Villarejo. The design we have is that almost all these actions are being done with the media, but outside of institutional matters so as not to embarrass the party. I have already told María Dolores de Cospedal that neither you nor anyone should provide nuclear information under any circumstances. And so my team is doing it appropriately little by little.
The strategy to attack the independence supporters by leaking supposed corruption scandals to certain media began just a few days after this conversation between Villarejo and Alicia Sánchez Camacho.
Villarejo. Starting on the 12th [of November], we will tighten the grip, and from the 15th to the 25th, it’ll be brutal tightening. I trust that the media won’t fail in some way.
Sánchez Camacho. If they don’t achieve an absolute majority, this Giró guy says he has a poll showing them at 72…
Villarejo. They have a poll showing them with an absolute majority; the only problem is that they are silent as prostitutes (…) This war we are going to make is to ensure these guys don’t achieve an absolute majority. But from the 26th on, we must continue working hard.
Sánchez Camacho. If they achieve an absolute majority, Spain is doomed.
Villarejo. The thing is that with all these corruptions, we need to imprison them, charge them, and that’s the end of the story.
During the two weeks of the electoral campaign, certain media outlets aired supposed police reports of unknown authorship, alleging various corrupt activities attributed to the family of former President Jordi Pujol, as well as to the main leaders of CiU and the Catalan government.
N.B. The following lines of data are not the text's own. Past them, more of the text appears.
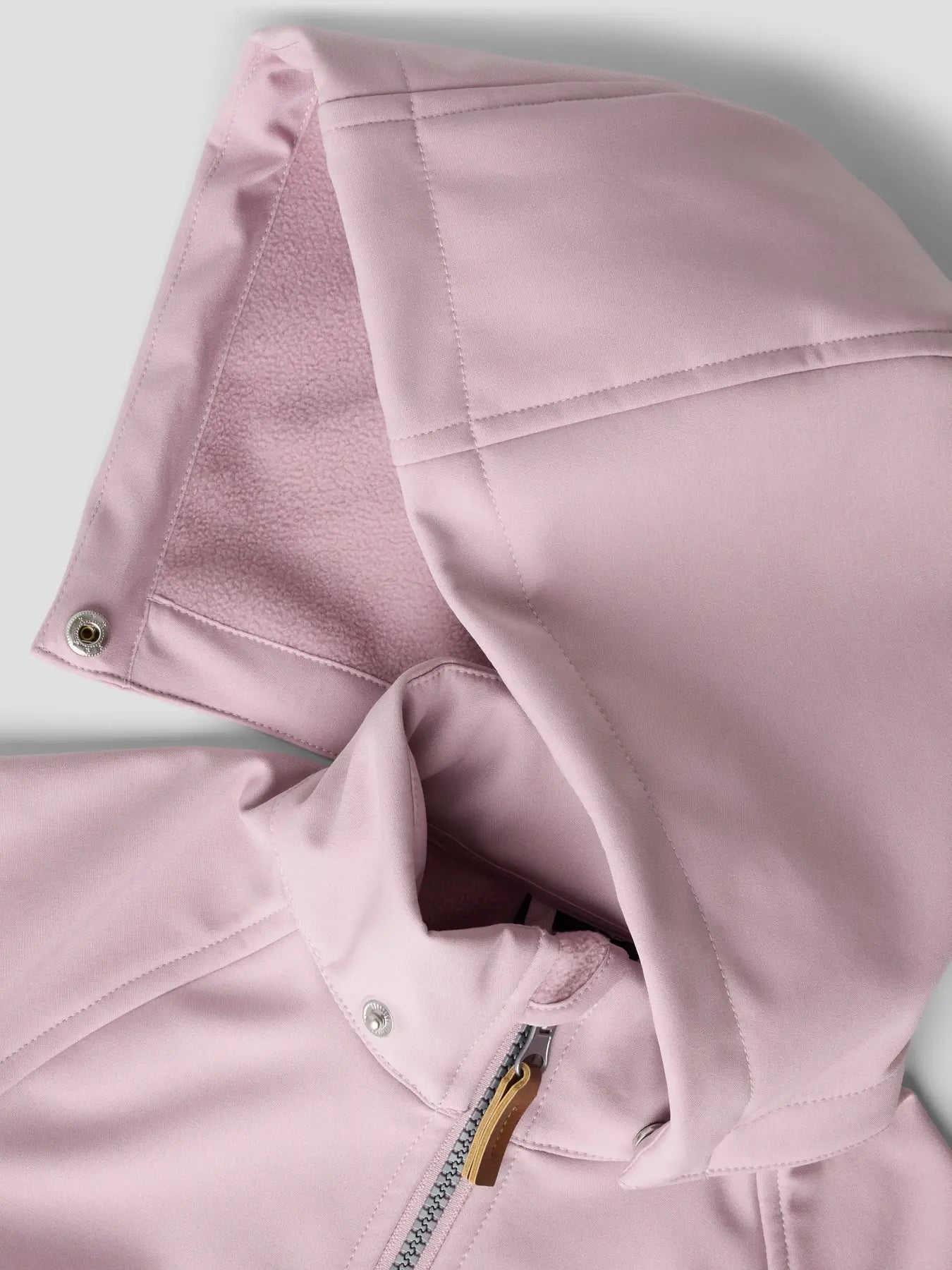 Detail der abnehmbaren Kapuze der Funktionsjacke Sunlit Allium für Kinder im nachhaltigen Kinderladen Bärechind Winterthur Schweiz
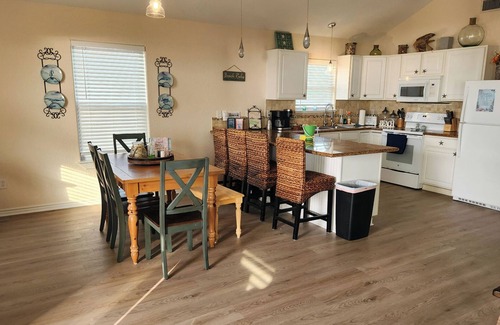 Surfside Beach Casa | Diversión Familiar Frente al Mar – 30s a la Arena, 1 King, 2 Queen, Literas,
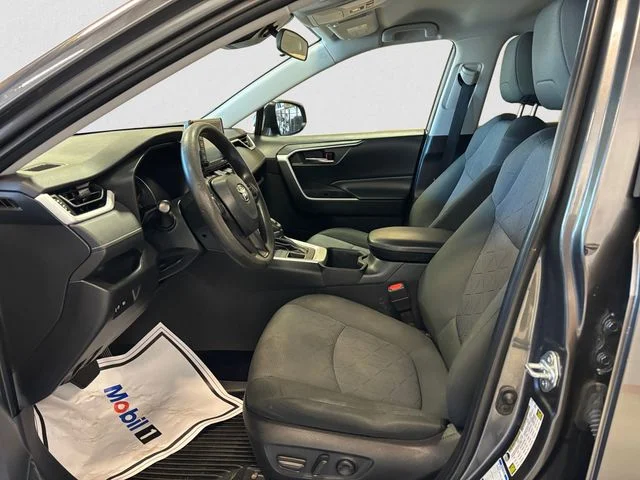 Used 2022 Magnetic Gray Metallic Toyota XLE image 9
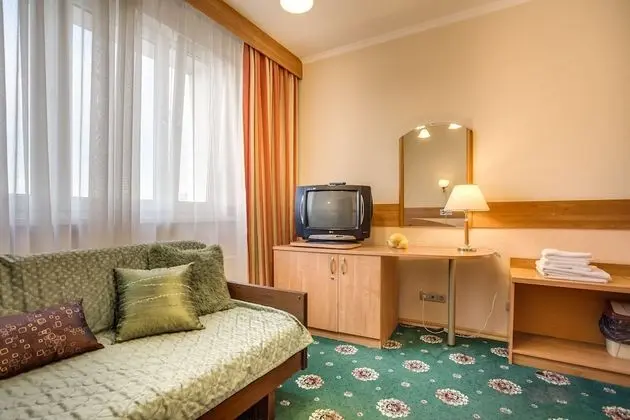 #513 OREKHOVO APARTMENTS with shared bathroom - Oda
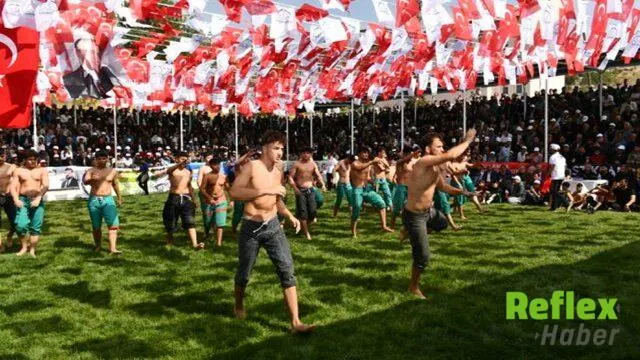 Baydemirli Ermeydanı’nda 485 Pehlivan Güreş Tuttu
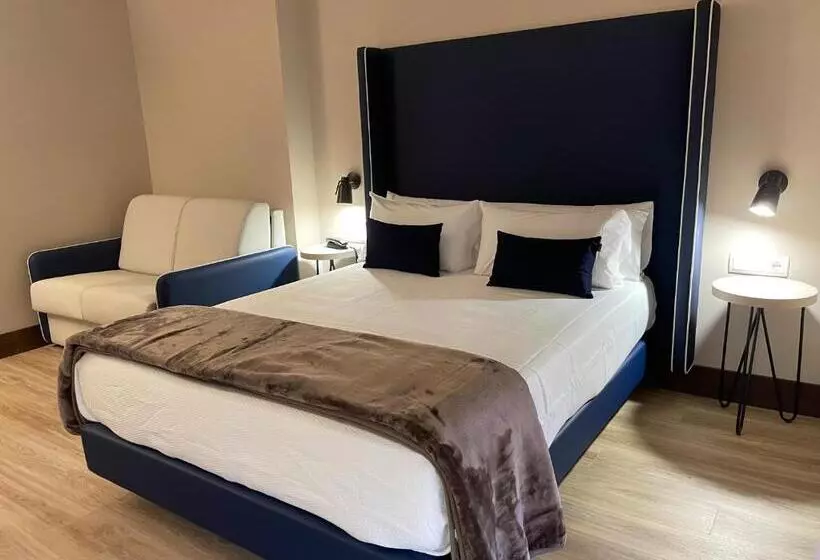 هتل Maria Cristina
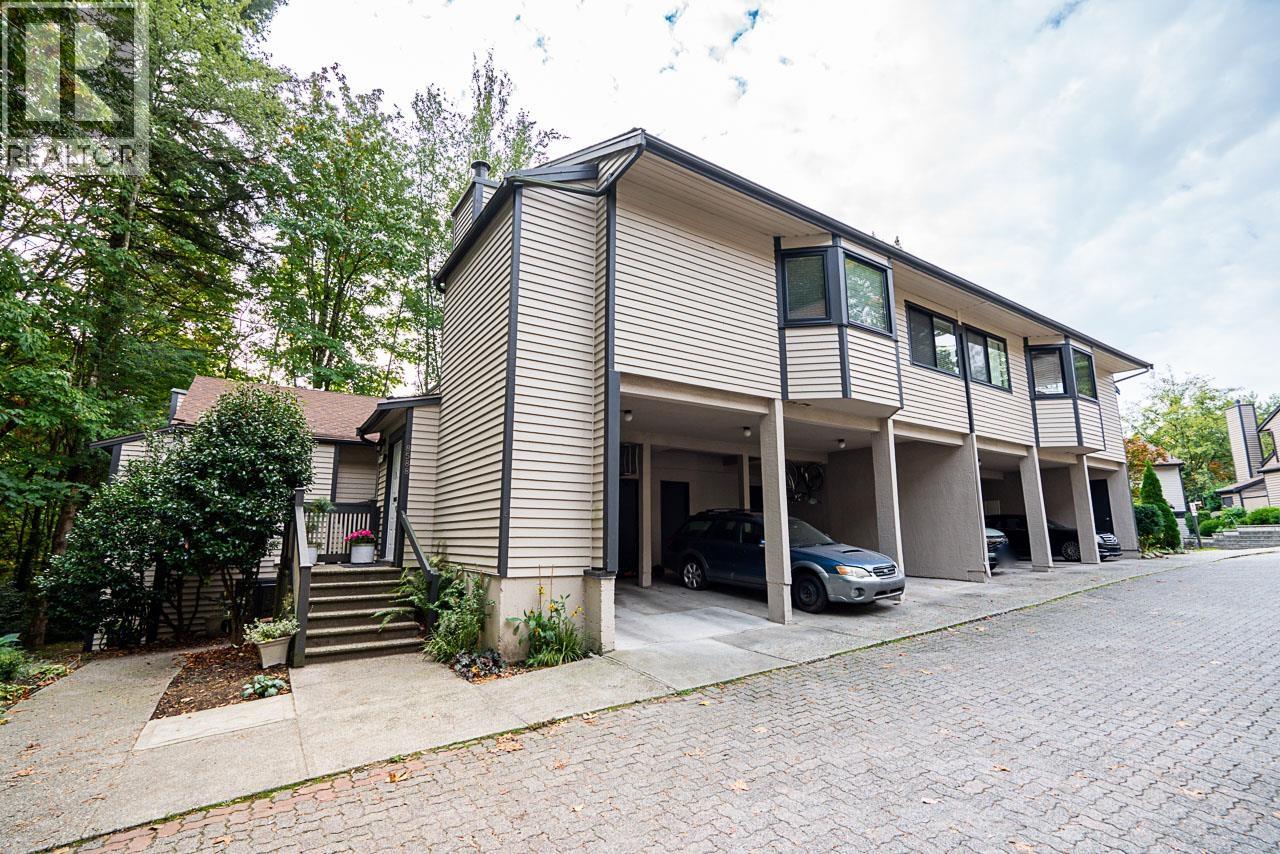 8588 Wilderness Court, Burnaby, British Columbia  V5A 4B2 - Photo 2 - R3060513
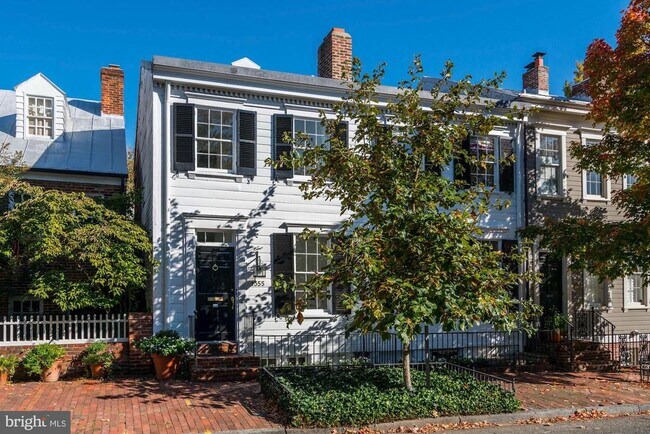 property at 1355 28th St NW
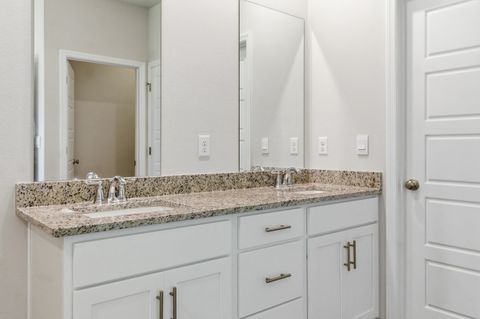 Tiny photo for 544 Bienville Place, Tallahassee, FL 32317 (MLS # 396814)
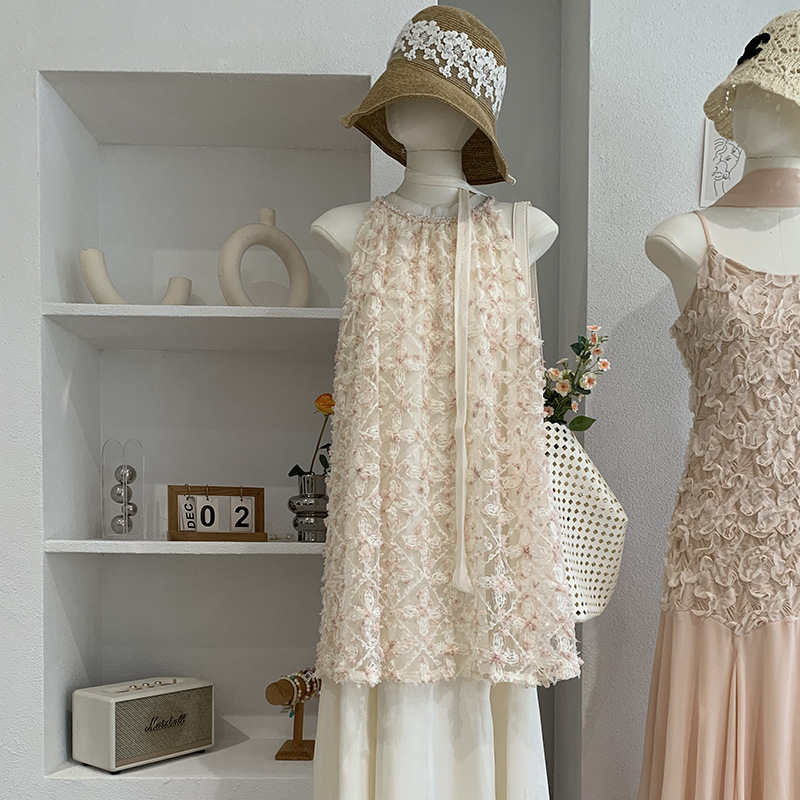 Ms. Zhu's Heavy-Duty Jacquard Three-Dimensional Embellished Patchwork Mesh Sleeveless Halter Neck Dress with a Gentle and Elegant Style 7111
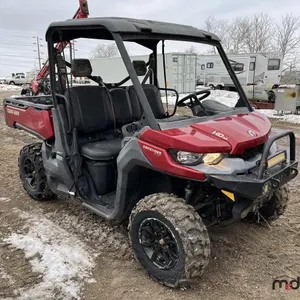 2017 Can-Am Defender 8FHB UTV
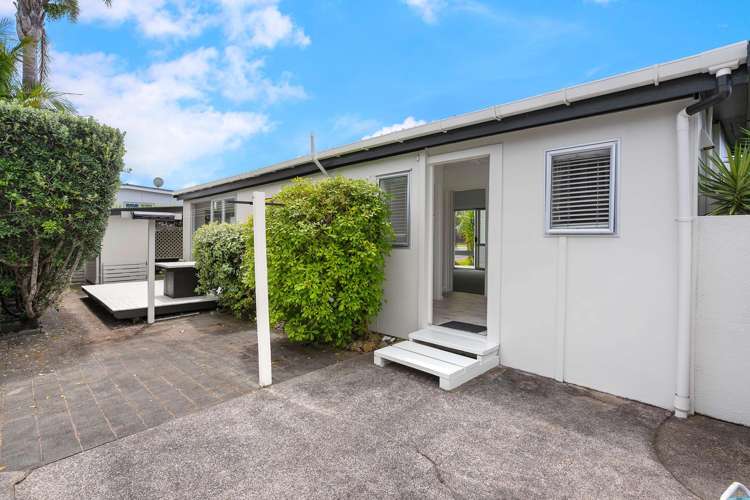 403A Ocean Road Whangamata_23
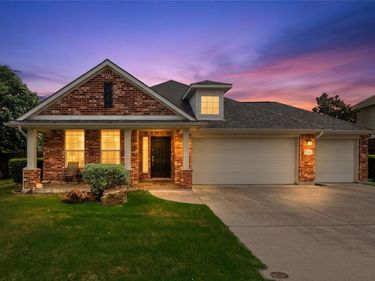 11324 Kenny Drive, Fort Worth, TX 76244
The published information, based on a “draft police report,” continued into the second week of the electoral campaign, alleging a supposed hidden fortune of 137 million euros belonging to Pujol in Geneva; millions of euros hidden by Artur Mas abroad from illegal commissions, and other alleged offenses committed by Catalan councilors. Many of these reports turned out to be false; the victims of this campaign filed lawsuits, but they were shelved.
The conversation between Villarejo and the president of the Catalan PP lasted nearly an hour and concluded with a commitment to collaborate.
Sánchez Camacho. How can I help you more?
Villarejo. Anything you hear about an operation where money was paid from an account abroad, any nuclear and precise information, I have a way to obtain that information later.
The president of the Catalan PP provided Villarejo with the phone numbers of the main independence leaders during that meeting.
CiU won the 2012 elections but lost 12 seats, leaving this party in the hands of ERC to secure the government and continue with its sovereignty plan. “Villarejo’s Operation Catalonia managed to alter the results of the Catalan elections on November 25, 2012,” emphasize the current Catalan independence leaders.